O poder de adivinhação dos analistas no que tem a ver com a resposta dos mercados ao contexto político é um exercício a que os analistas não se subtraem.
Tal como sucede todos os anos em que há eleições presidenciais nos Estados Unidos, consultores, analistas, comentadores, gestores e aproximados tentam antecipar como reagirá o mercado mobiliário aos resultados eleitorais. O ano de 2024 é um desses, e todos tentam antecipar como reagirá Wall Street a uma eventual derrota do democrata Joe Biden. Ou a uma eventual vitória.
Faz parte dos ‘mitos urbanos’ dizer-se que os republicanos são mais ‘amigos’ do mercado de capitais. Mas essa perceção esbarra na realidade dos números. De facto, o histórico dos principais índices indica que o mercado mobiliário parece dar-se melhor com democratas que com republicanos, apesar das tentações regulatórias dos primeiros.
Quando os norte-americanos elegeram o ultra-liberal Donald Trump, o mercado, ao contrário do que seria eventualmente normal, não gostou. Aparentemente, o seu grau de imprevisibilidade descompensava a sua previsível tendência para a desregulamentação.

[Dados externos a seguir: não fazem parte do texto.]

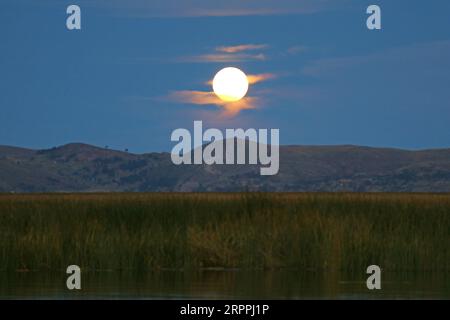 Heller Vollmond über Totora Schilf am Titicacasee, Peru, Südamerika Stockfoto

Agora, em novo ano de eleições, Stefan Hofrichter, economista da Allianz Global Investors (AllianzGI), tenta responder à pergunta “democratas ou republicanos? O desempenho do mercado de ações pode influenciar o resultado?” A resposta é politicamente correta: “É difícil dizê-lo em antecipação. Recordemos as eleições de 2016. O consenso na altura era de que Hillary Clinton venceria e, caso Trump fosse o vencedor, os mercados acionistas sofreriam. O consenso estava errado em ambos os aspetos – provavelmente, não tanto por causa do resultado, mas antes devido a dados cíclicos mais fortes. Outra observação: os republicanos são vistos como maiores adeptos de políticas favoráveis aos negócios. Porém, em simultâneo, é também um facto de que a maioria das recessões do pós-guerra ocorreram durante presidências republicanas. E os mercados acionistas tendem a sofrer durante as recessões”.
Neste contexto, “uma maioria dividida no Congresso tendia a ser melhor para os mercados; provavelmente, porque exigia decisões bipartidárias. Neste momento, dada a polarização dos decisores políticos e da sociedade, somos tentados a duvidar dessa circunstância. Agora, apesar das diferenças na forma como abordam a política, as políticas reais tanto de Biden e dos democratas como de Trump e dos republicanos têm alguns paralelos: ambos partilham uma posição dura face à China e ambos seguiram uma política fiscal expansionista – Biden através dos gastos, Trump através do corte de impostos”.
Ainda assim, afirma o analista, as diferenças poderão ter um impacto nos mercados. “Trump é a favor de tarifas mais elevadas, também sobre as importações europeias; se conseguirmos outra ronda de cortes de impostos, não podemos excluir que o mercado não encare isto de forma positiva, como no Reino Unido em setembro de 2022; e a política externa de Trump de questionar a importância da NATO e, em geral, das organizações internacionais, pode causar o aumento dos prémios de risco”.
Para Stefan Hofrichter, “se o resultado fosse uma administração Trump e uma votação expressiva para os republicanos, os investidores nos mercados europeus tenderiam a desconsiderar o risco crescente de tarifas mais elevadas sobre as importações dos EUA provenientes da Europa. Além disso, o risco político aumentaria: é pouco provável que Trump apoie as despesas militares a favor da Ucrânia. Os investidores iriam com certeza desconsiderar um risco maior de uma ameaça militar da Rússia a outros países europeus”.